We update recommendations on 12 topics that were in the 9th edition of these guidelines, and address 3 new topics.
METHODS:
We generate strong (Grade 1) and weak (Grade 2) recommendations based on high- (Grade A), moderate- (Grade B), and low- (Grade C) quality evidence.
RESULTS:
For VTE and no cancer, as long-term anticoagulant therapy, we suggest dabigatran (Grade 2B), rivaroxaban (Grade 2B), apixaban (Grade 2B), or edoxaban (Grade 2B) over vitamin K antagonist (VKA) therapy, and suggest VKA therapy over low-molecular-weight heparin (LMWH; Grade 2C).

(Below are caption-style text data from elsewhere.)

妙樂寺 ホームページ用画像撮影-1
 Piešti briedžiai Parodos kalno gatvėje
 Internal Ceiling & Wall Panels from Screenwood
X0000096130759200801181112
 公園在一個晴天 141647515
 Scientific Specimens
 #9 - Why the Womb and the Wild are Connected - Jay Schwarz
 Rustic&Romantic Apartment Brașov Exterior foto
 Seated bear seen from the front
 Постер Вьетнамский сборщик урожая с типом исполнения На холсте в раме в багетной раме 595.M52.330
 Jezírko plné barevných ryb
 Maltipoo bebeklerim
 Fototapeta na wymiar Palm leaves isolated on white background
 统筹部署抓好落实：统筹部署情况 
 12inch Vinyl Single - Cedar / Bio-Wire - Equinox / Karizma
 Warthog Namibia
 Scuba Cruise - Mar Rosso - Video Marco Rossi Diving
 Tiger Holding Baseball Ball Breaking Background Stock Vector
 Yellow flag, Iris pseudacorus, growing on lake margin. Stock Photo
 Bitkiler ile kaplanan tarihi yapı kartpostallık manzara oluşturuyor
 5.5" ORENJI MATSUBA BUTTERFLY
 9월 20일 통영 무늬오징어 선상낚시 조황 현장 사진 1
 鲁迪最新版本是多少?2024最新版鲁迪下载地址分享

For VTE and cancer, we suggest LMWH over VKA (Grade 2B), dabigatran (Grade 2C), rivaroxaban (Grade 2C), apixaban (Grade 2C), or edoxaban (Grade 2C). We have not changed recommendations for who should stop anticoagulation at 3 months or receive extended therapy. For VTE treated with anticoagulants, we recommend against an inferior vena cava filter (Grade 1B). For DVT, we suggest not using compression stockings routinely to prevent PTS (Grade 2B). For subsegmental pulmonary embolism and no proximal DVT, we suggest clinical surveillance over anticoagulation with a low risk of recurrent VTE (Grade 2C), and anticoagulation over clinical surveillance with a high risk (Grade 2C). We suggest thrombolytic therapy for pulmonary embolism with hypotension (Grade 2B), and systemic therapy over catheter-directed thrombolysis (Grade 2C). For recurrent VTE on a non-LMWH anticoagulant, we suggest LMWH (Grade 2C); for recurrent VTE on LMWH, we suggest increasing the LMWH dose (Grade 2C).
CONCLUSIONS:
Of 54 recommendations included in the 30 statements, 20 were strong and none was based on high-quality evidence, highlighting the need for further research.